Sebelum memulai semua, saya awali tulisan ini dengan sebuah
permintaan maaf, bahwasanya tulisan ini akan mengalir layaknya aliran got yang
bersih. Tidak ada yang akan menghalangi setiap kata terlontar dalam tulisan
ini. Tidak sampah, tidak juga perasaan sopan atau segan yang terkadang
menjemukan. Barang siapa yang tersinggung karena disebutkan secara eksplisit
atau implisit dalam tulisan ini, maka tersinggunglah. Saya tidak menutup
kemungkinanakan adanya kritik atas tulisan ini. Namun jika mata dibalas mata,
alangkah lebih baik jika tulisan dibalas tulisan pula.
Tulisan ini bermula dari sebuah pertanyaan sederhana,
tentang kebermanfaatan Badan Eksekutif Mahasiswa Keluarga Mahasiswa Universitas
Gadjah Mada (BEM KM UGM) bagi kepentingan mahasiswa yang jawabannya–entah
mengapa—mengarah pada ketiadaan. Demi menemukan jawaban ini, saya semacam
berkelana. Mencari opini dari satu mahasiswa ke mahasiswa lainnya, bergaul,
bercakap-cakap, serta berdiskusi. Ketika semua hasil dari pengelanaan tersebut
dirangkum, terdapat satu kata kunci yang menjadi pokok permasalahan tentang
kebermanfaatan BEM KM UGM tersebut: representasi.
Sebagai sebuah lembaga eksekutif mahasiswa tertinggi di
tataran kampus, BEM KM menaungi belasan fakultas yang memiliki lembaga sejenis.
Namanya beragam, bisa BEM, LEM (Lembaga Eksekutif Mahasiswa), atau Dema (Dewan
Mahasiswa).
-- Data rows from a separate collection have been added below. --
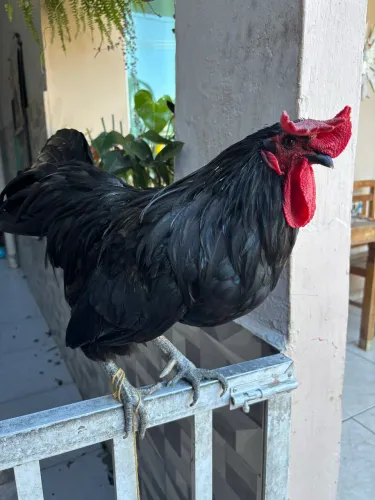 Galo preto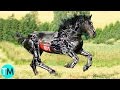 10 Animales Robots QUE NO CREERÁS QUE EXISTEN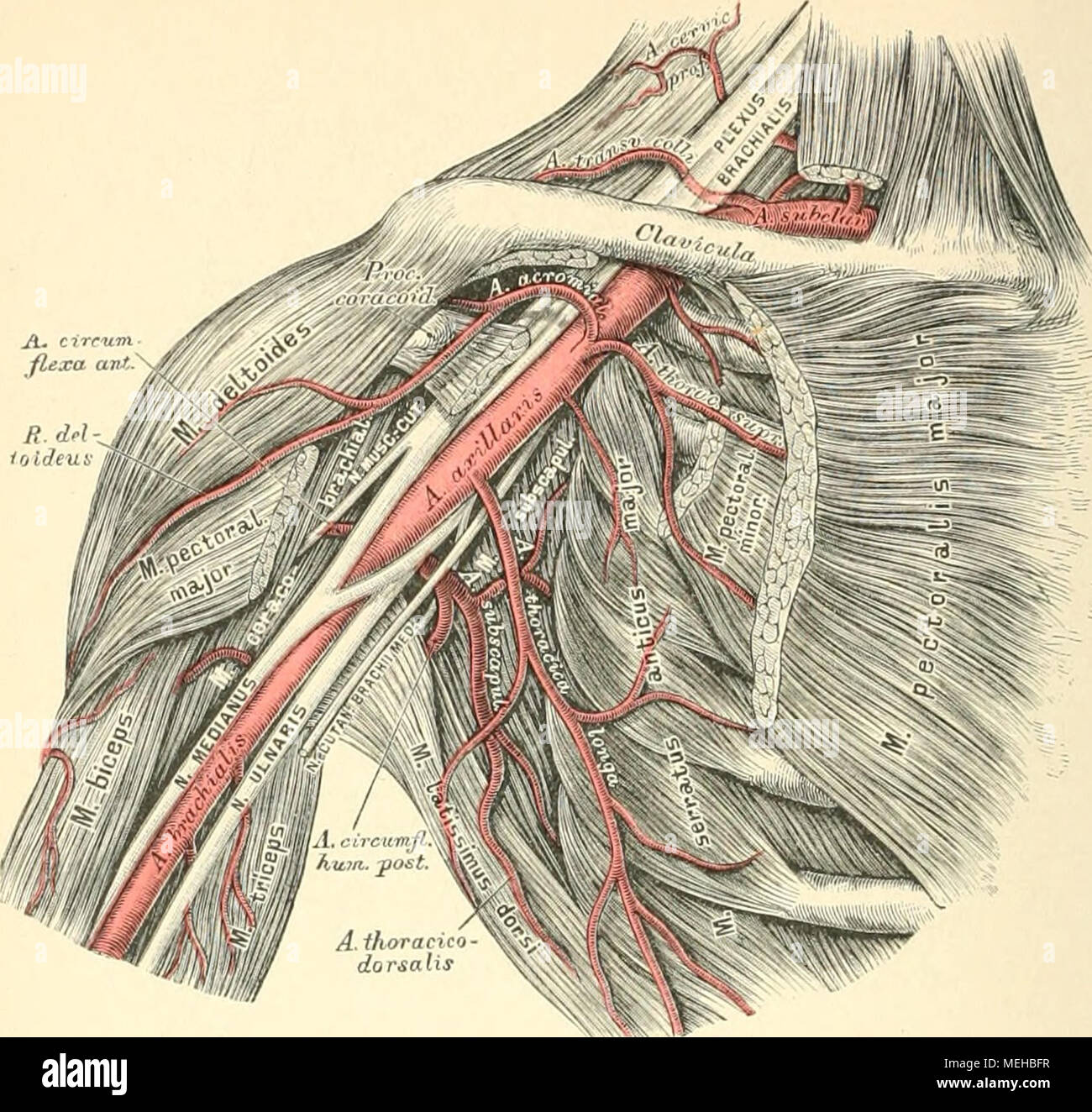 . Die descriptive und topographische Anatomie des Menschen . 713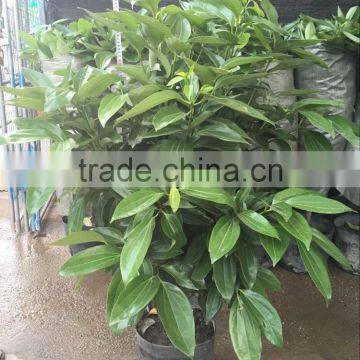 Cinnamomum Cassia Ornamental Plants photo-4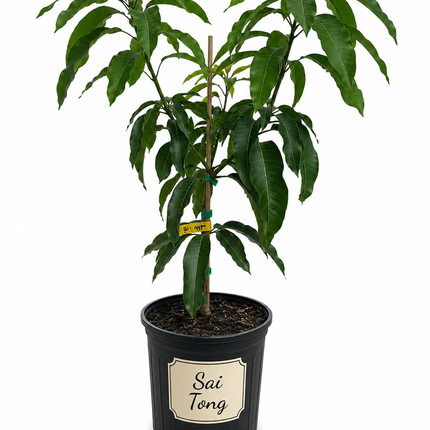 Grafted Sai Tong Mango Tree (Golden Nam Doc Mai Mango)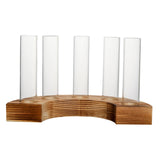 Maxbell Maxbell Glass Test Tube Vases Planter Terrarium Decor Home Plant Propagation Station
Namun, walaupun tiap-tiap fakultas juga memiliki lembaga eksekutif,
pemilihan Ketua BEM KM UGM bukan didapatkan dari konsensus atau mekanisme lain
dari fakultas-fakultas tersebut.
Ketua BEM KM UGM, atau yang lebih pamor disebut Presiden
Mahasiswa (Presma), didapatkan dari sebuah mekanis mepemilihan langsung yang
dicalonkan oleh lembaga lain. Lembaga tersebut bernama Partai Mahasiswa, tentu
saja tanpa melupakan calon independen nekat dengan kemungkinan menang yang
tipis. Pada titik ini, mata rantai yang menghubungkan universitas dan fakultas
bisa dikatakan terputus—atau tidak ada rantai sama sekali. Permasalahan
representasi pun dimulai.
Pertanyaan selanjutnya adalah; siapa yang diwakili oleh
Partai Mahasiswa tersebut? Apa relasi mereka pada rantai yang seharusnya
menghubungkan mahasiswa ke jurusan, lalu ke fakultas, lalu ketingkat
universitas? Suara siapa yang mereka bawa, mahasiswa atau organ eksternal
kampus?
Permasalahan representasi ini semakin diperparah dengan
hegemoni salah satu partai yang hampir mustahil ditaklukkan tanpa koalisi
besar. Tanpa prosesi kampanye sekali pun, 4.000 suara konkret mungkin ada di
tangan mereka. Semacam Golkar di zaman Orba. Lalu apakah Golkar pada zaman Orba
itu representatif? Anehnya, tidak ada koalisi besar untuk menjatuhkan partai
tersebut seperti tahun lalu. Entah karena ego, mengharapkan keajaiban, atau
karena rasa tidak puas pada koalisi yang pernah mereka canang.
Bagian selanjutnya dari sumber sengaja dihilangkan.